Fear has become so pronounced that, residents say, Alawites wear Christian crosses to avoid being abducted or killed when passing through the most restive Sunni neighborhoods, where garbage has piled up in a sign of the city’s dysfunction.
“It is so sad that we reached this point,” said a Syrian priest who lives in Lebanon but maintains close relations with people in Homs, in particular the Christian community...
Even as the death toll has dropped in Homs in recent days, the sectarian strife seems to have gathered a relentless momentum that has defied the attempts of both Sunni and Alawite residents to stanch it. One prominent Sunni activist, who spoke only on the condition of anonymity, used the term shabeeha — an Arabic word that refers to government paramilitaries — to describe the situation evolving inside Homs. “There are shabeeha on both sides now,” he said.
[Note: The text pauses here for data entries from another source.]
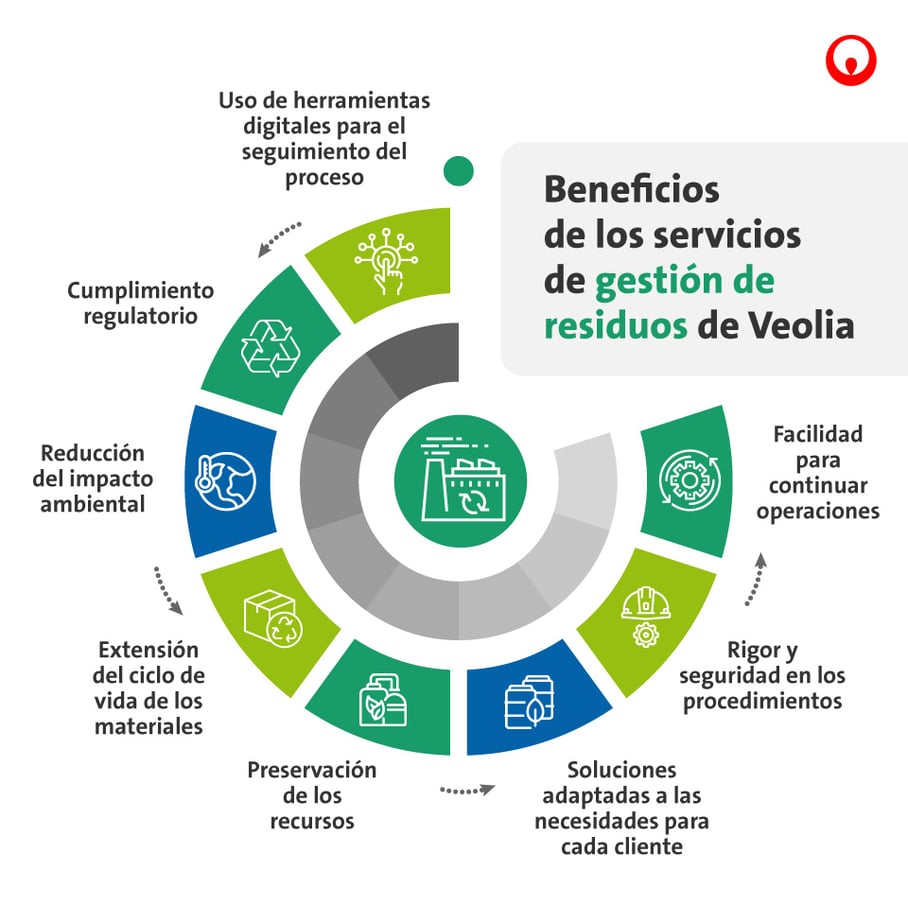 Beneficios de los servicios de gestión de residuos de Veolia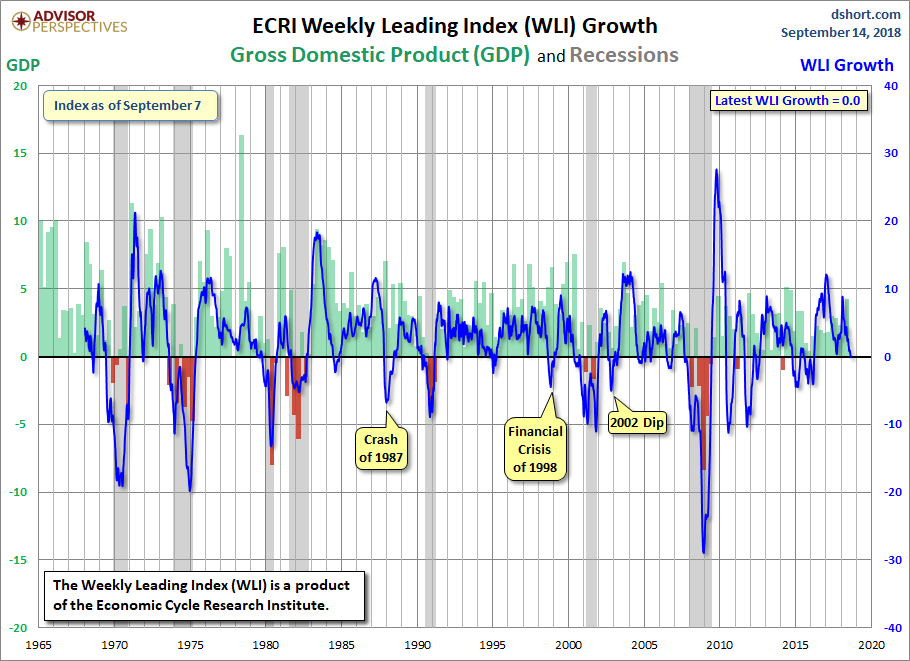 WLI Growth since 1965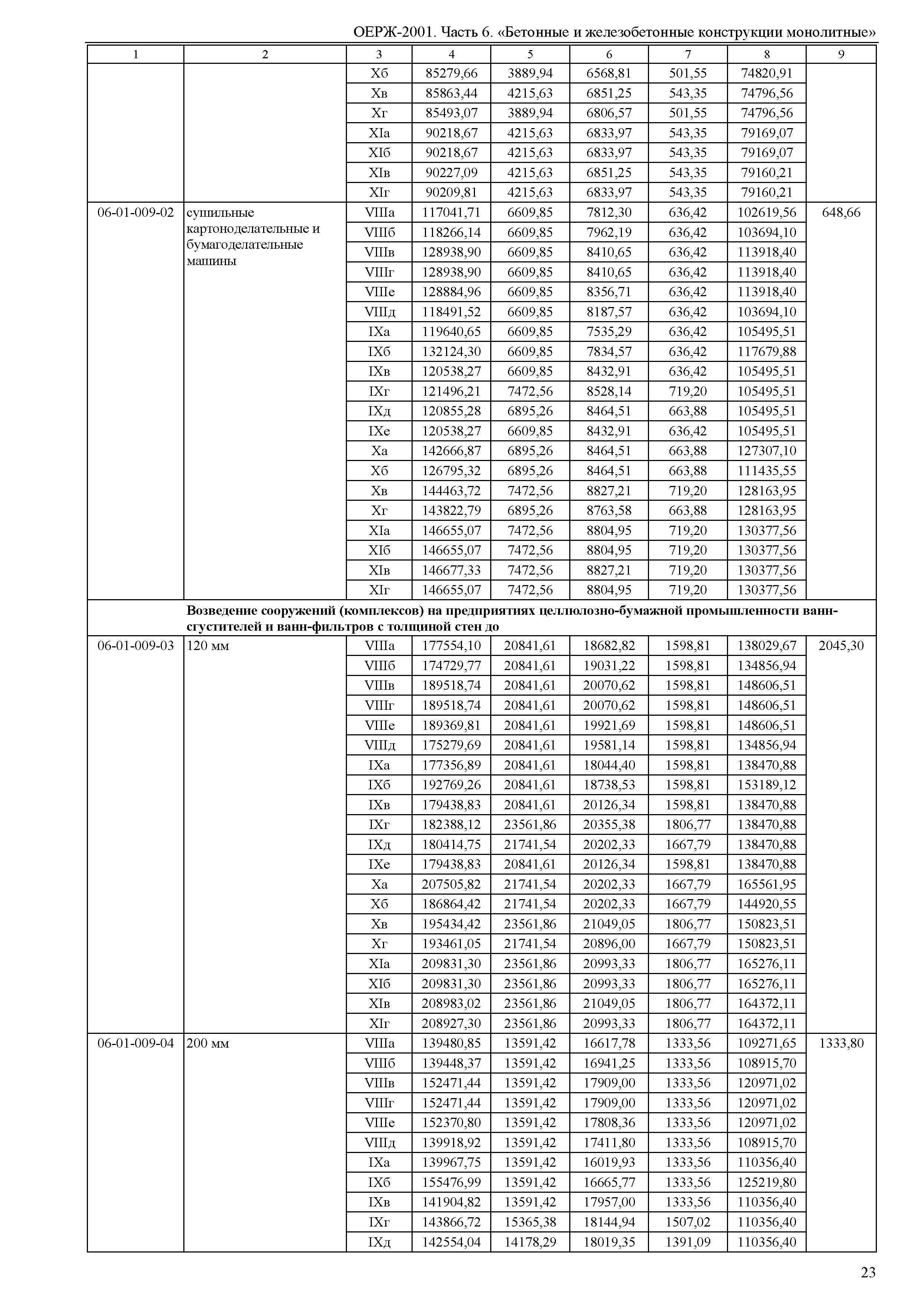 ОЕРЖ 81-02-06-2001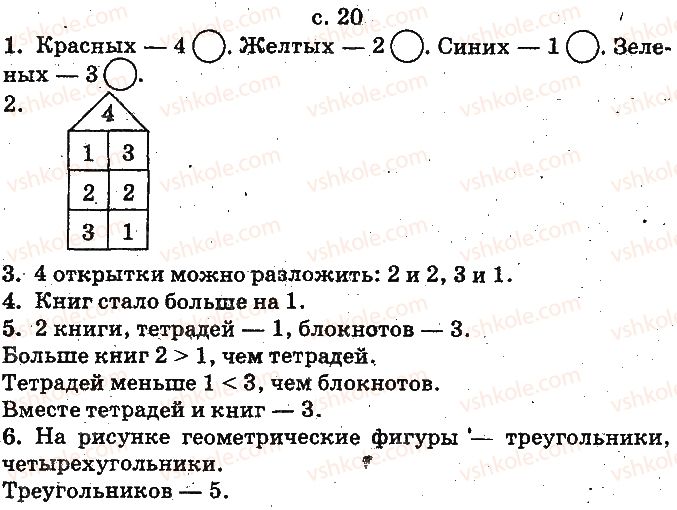 фото задание ст20 - нумерация чисел от 1 до 10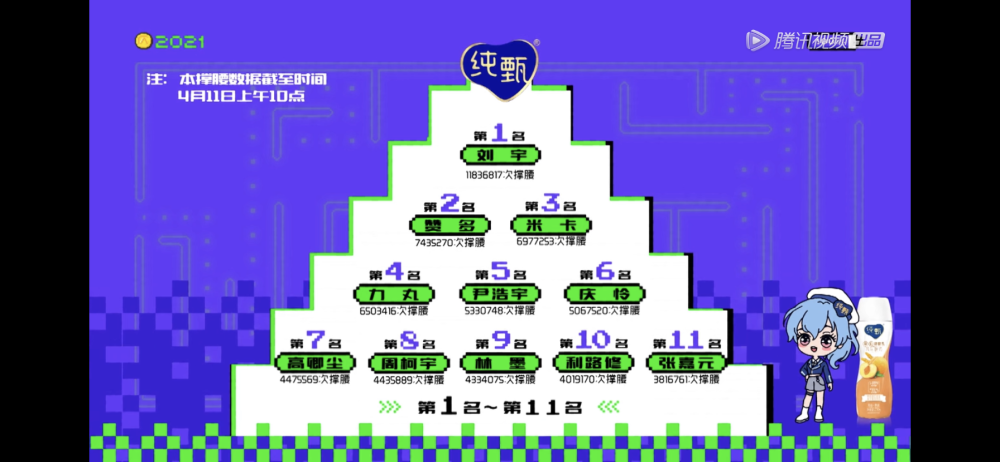创造营4 真正实现国际化 进入总决赛的11人中 仅有3名中国人 腾讯新闻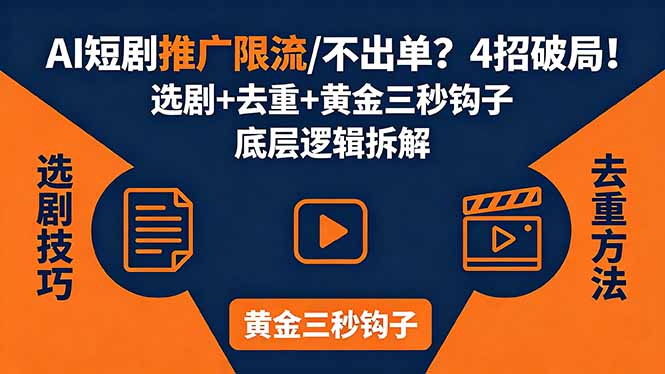 (18253期)AI短剧推广总被限流、不出单?4招选剧+去重技巧+黄金三秒钩子,手把手拆解底层逻辑-网赚副业网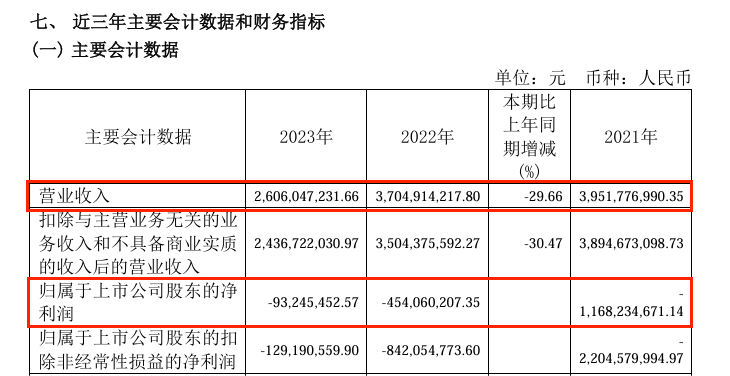 8连板牛股,*ST鹏博实控人被立案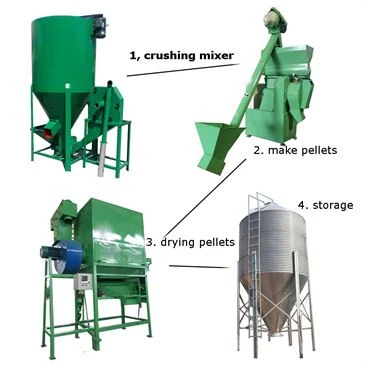 chicken-pig-dairy-cattle-fodder-grinder chicken-pig-dairy-cattle-fodder-grinder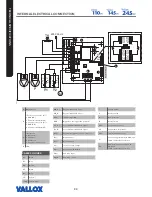 Preview for 88 page of Vallox Vallox TSK Multi 80 MV Manual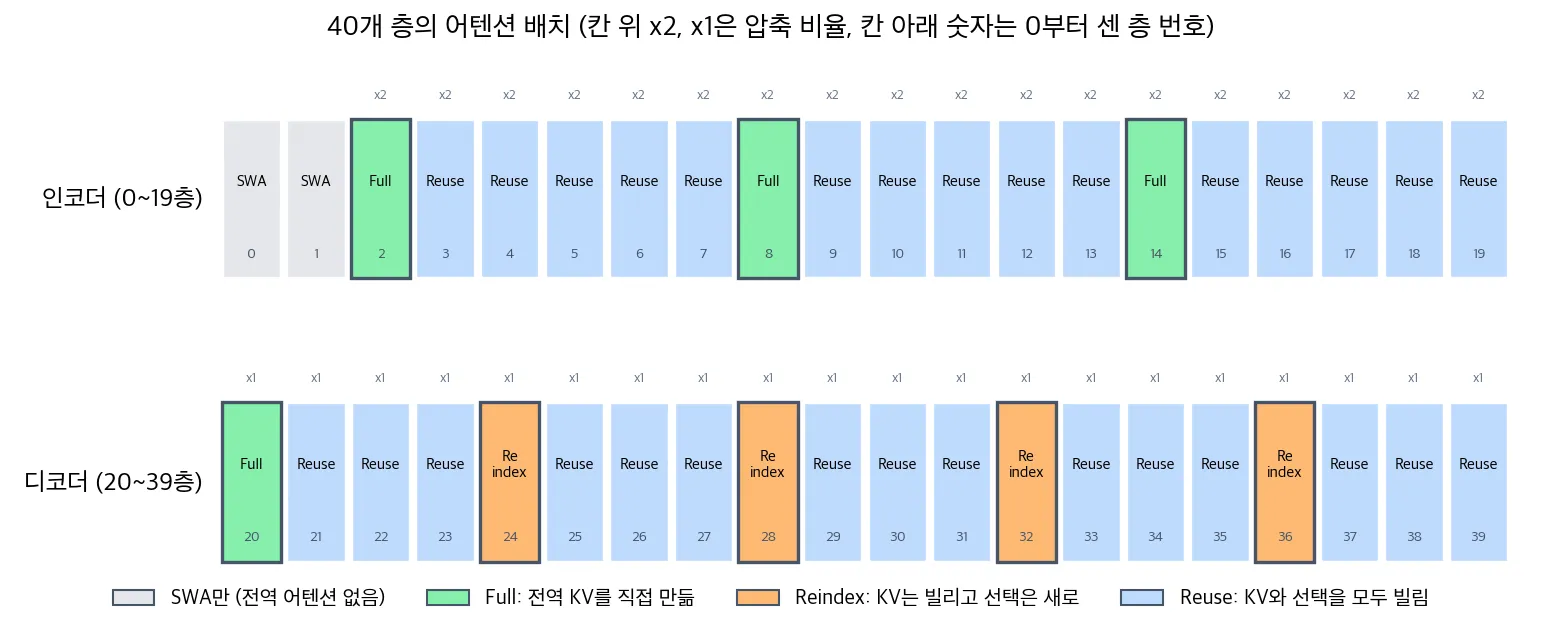 40개 층 배치도. 인코더 0, 1층은 SWA만, 2, 8, 14층은 Full, 나머지는 Reuse이고 압축 비율 2. 디코더 20층은 Full, 24, 28, 32, 36층은 Reindex, 나머지는 Reuse이고 압축 비율 1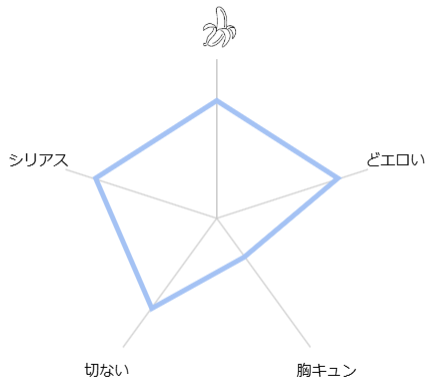 syounenJeanne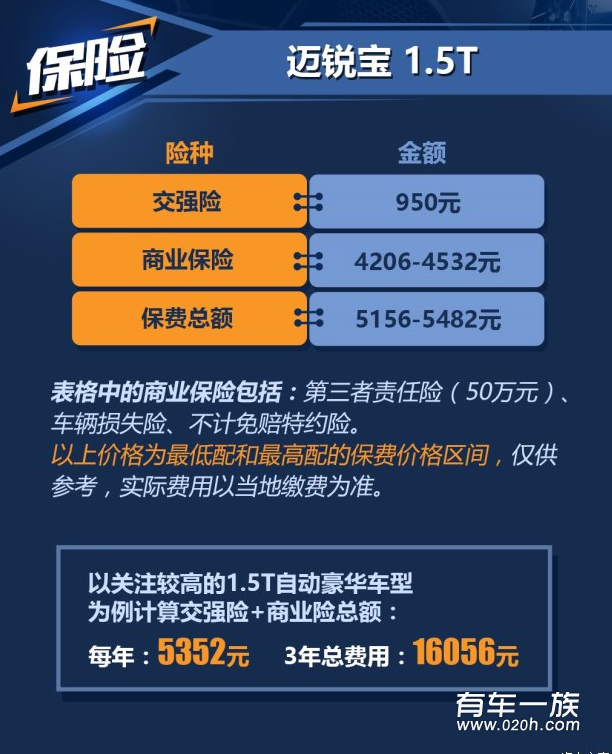 迈锐宝1.5T保养养车费用油耗一年多少钱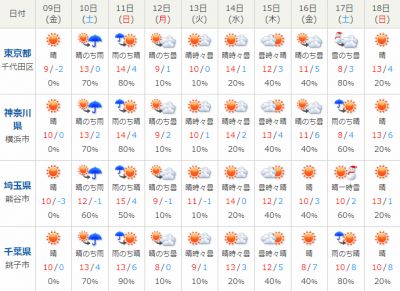 2月9日からの週間天気予報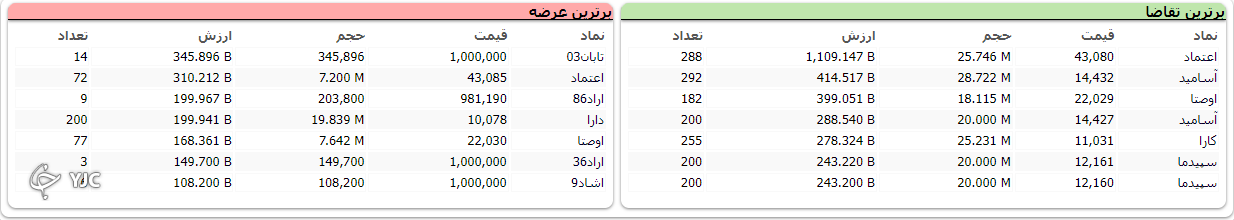 اُفت ۴ هزار و ۳۸۳ واحدی شاخص کل بورس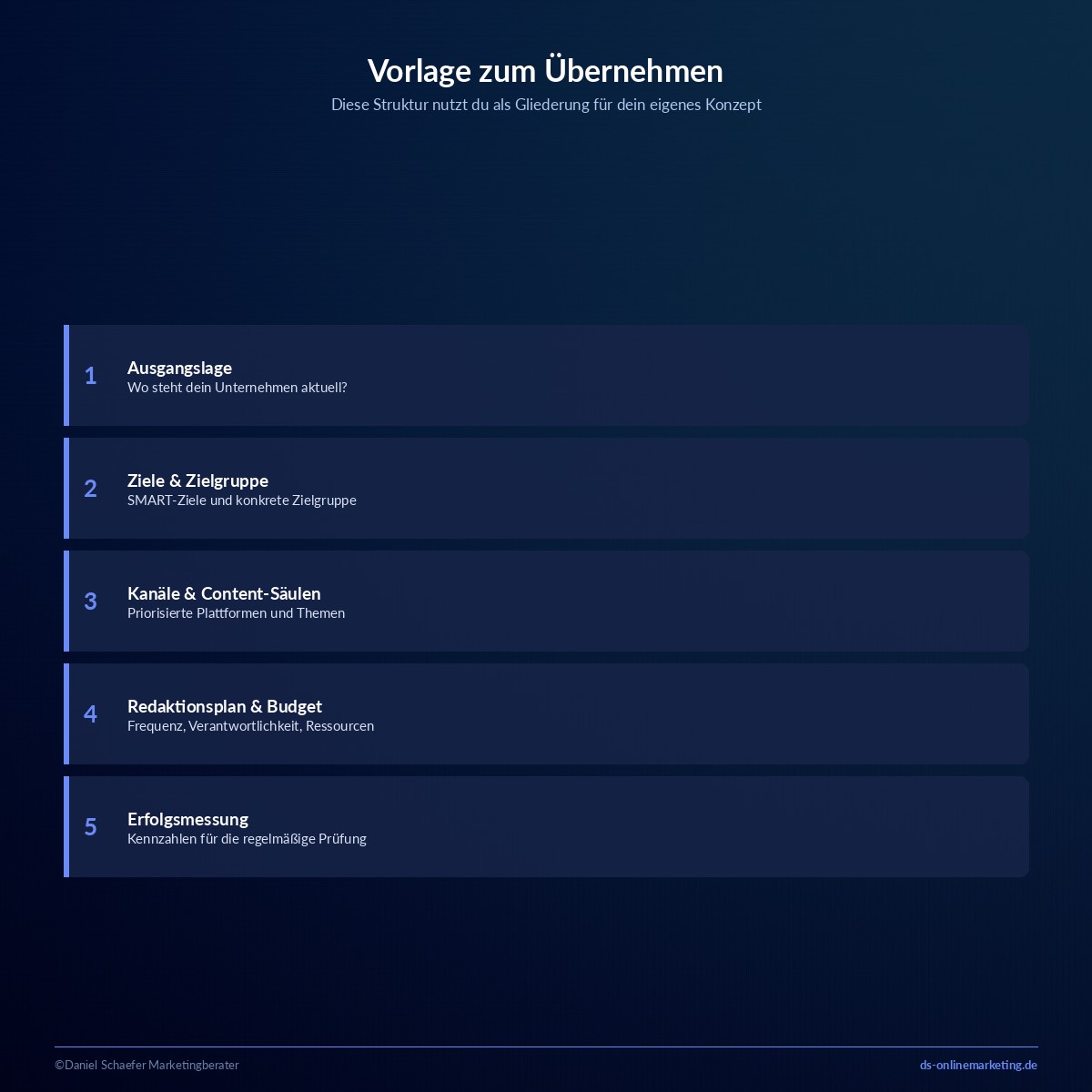 social media konzept vorlage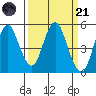 Crockett tide chart for Tuesday, March 21, 2023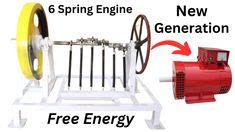 Image result for Spring Based Power Generator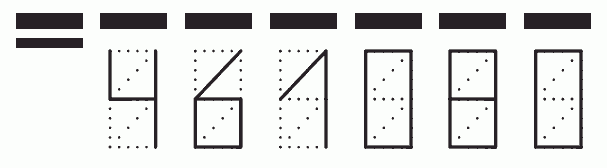 Пример заполнения индекса 461080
He blamed the government for fomenting the sectarian tension, but added, “I feel disgusted at what’s happening in Syria, and I am afraid of what might happen next.”... ... ...
“I’m against the regime,” he said. But, he added: “Now I am being critical of some of the revolutionaries. We are against the regime and we want it to fall, but the revolutionaries need to present a better and more beautiful alternative. And if the opposition is going to be similar to the regime, it’s going to be dangerous.”...
“My cousin was kidnapped, and he was a civilian Alawite,” said a dissident activist from the Alawite neighborhood of Al Zahra in Homs, where locales are often largely segregated by sect. “He was found killed and his head was chopped off.”
Christians in Homs seem to have tried to stay neutral, an admittedly difficult task.
“We’d rather emigrate than hold weapons and be part of a civil war,” said a Christian in a telephone interview who gave his name as Hisham and whose mother-in-law had already fled Homs...“There is no room for us, or for the educated Sunnis, in a civil war,” said his wife, who gave her name as Hiyam, also speaking by telephone. “A civil war means emigrating.”